The direct distance from Valparaiso to Santiago is only about fifty-five miles, but the line chosen for the railway must be fully double that length. The country lying directly between the sea-coast and the capital is broken up by irregular masses, partly granitic and partly formed of greenstone and other hard igneous rocks. These in Europe would be regarded as considerable mountains, as the summits range from six thousand to over seven thousand feet in height, but they nowhere exhibit the bold and picturesque forms that characterize the granite formation in Brazil. On either side of this highland tract two considerable streams carry the drainage of the Cordillera to the ocean. The northern stream, the Rio Aconcagua, bears the same name as the famous mountain from whose snows it draws a constant supply even in the dry season. Some sixty miles further south, the Maipo, draining a larger portion of the Andean range, flows to the coast by the town of Melipilla. The valley of the Maipo offers a much easier, though a circuitous, railway route to Santiago than that chosen by the Chilian engineers, which for a considerable distance keeps to the valley of the Aconcagua. The stream is reached near to Quillota, a place which has given its name to this part of the valley.

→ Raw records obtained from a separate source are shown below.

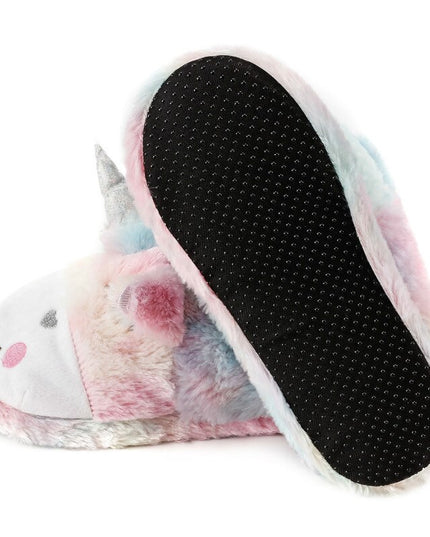 Cozy Unicorn House Slippers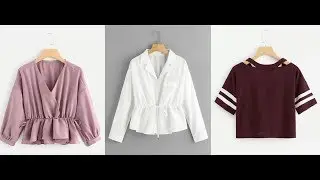 Latest Women's Shirts Design || New Shirt Designs 2019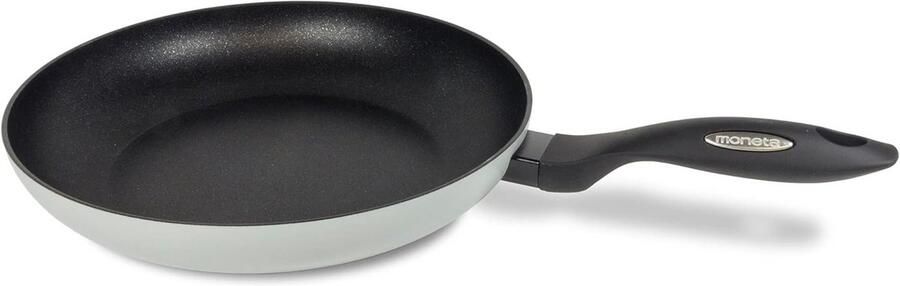 Koekenpan Inductie Grote Pan Gelijkmatig Koken Antiaanbaklaag 32 cm Zwart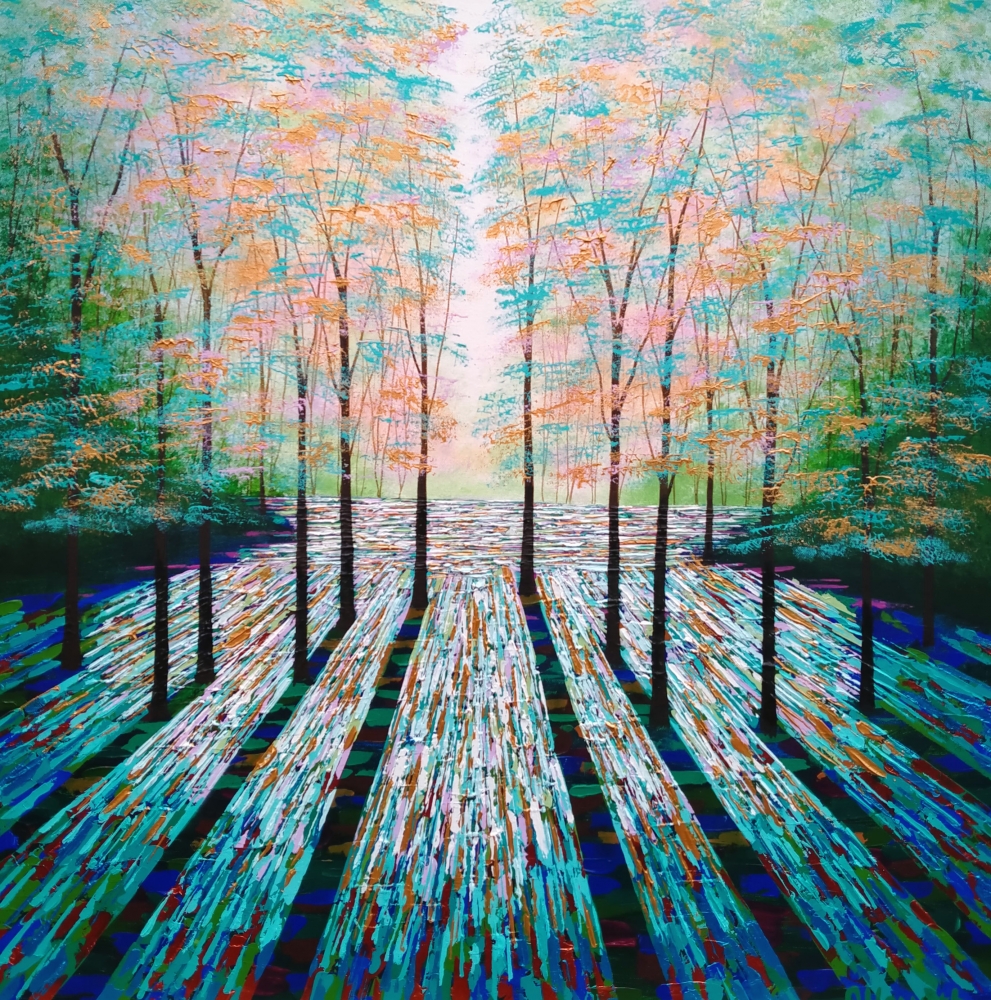 Secret Forest, Shadows and Light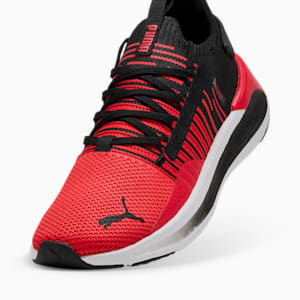 Chaussures de course à pied SOFTRIDE Symmetry Fuzion Homme, For All Time Red-PUMA Black-PUMA White, extralarge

Travelling at this season, I was not much struck by the boasted luxuriance of the vegetation of the vale of Quillota; but I could easily understand that the eye of the stranger, accustomed to the arid regions of Peru and Northern Chili, must welcome the comparative freshness of the landscape, in which orchards of orange and peach trees alternate with squares of arable land. Of the few plants that I could make out from the railway car what most attracted my attention was the frequent recurrence of oval masses of dark leaves, much in the form of a giant hedgehog three or four feet in length and half that height, remarkably uniform in size and appearance. The interest was not diminished when I was able, at a wayside station, to ascertain that the plant was a bramble, on which I failed to find flower or fruit, but which from the leaves can be nothing else than a variety of the common bramble, or blackberry, introduced from Europe.